What you have to do: Look for "Renovated, 10 Min from the city - Foto 6" in the listing below, then copy exactly the line it appears in and all lines after it to the end, and nothing more.

Data extracts:
*****

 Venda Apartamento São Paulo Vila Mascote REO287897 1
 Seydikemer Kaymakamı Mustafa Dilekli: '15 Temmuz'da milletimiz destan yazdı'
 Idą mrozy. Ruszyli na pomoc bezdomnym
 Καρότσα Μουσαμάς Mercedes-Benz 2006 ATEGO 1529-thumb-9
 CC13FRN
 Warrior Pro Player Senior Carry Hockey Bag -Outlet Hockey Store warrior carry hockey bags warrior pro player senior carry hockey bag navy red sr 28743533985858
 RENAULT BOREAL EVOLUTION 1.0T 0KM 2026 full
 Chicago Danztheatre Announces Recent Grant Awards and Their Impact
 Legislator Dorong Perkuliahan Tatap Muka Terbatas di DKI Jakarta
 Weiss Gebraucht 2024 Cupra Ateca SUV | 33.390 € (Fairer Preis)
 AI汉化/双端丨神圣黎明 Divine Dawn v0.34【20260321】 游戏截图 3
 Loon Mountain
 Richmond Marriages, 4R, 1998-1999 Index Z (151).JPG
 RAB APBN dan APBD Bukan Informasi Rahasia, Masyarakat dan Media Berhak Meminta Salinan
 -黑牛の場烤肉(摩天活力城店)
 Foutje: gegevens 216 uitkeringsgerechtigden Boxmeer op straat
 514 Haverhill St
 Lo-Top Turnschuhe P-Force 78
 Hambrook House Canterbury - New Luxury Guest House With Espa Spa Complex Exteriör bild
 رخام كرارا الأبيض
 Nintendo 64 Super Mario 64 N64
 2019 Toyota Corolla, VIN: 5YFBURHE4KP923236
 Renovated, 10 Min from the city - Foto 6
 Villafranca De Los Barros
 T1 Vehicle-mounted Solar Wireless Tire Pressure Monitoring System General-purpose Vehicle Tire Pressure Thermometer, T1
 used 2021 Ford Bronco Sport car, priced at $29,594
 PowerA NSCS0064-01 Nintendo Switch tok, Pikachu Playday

*****

Exercise solution:
 Renovated, 10 Min from the city - Foto 6
 Villafranca De Los Barros
 T1 Vehicle-mounted Solar Wireless Tire Pressure Monitoring System General-purpose Vehicle Tire Pressure Thermometer, T1
 used 2021 Ford Bronco Sport car, priced at $29,594
 PowerA NSCS0064-01 Nintendo Switch tok, Pikachu Playday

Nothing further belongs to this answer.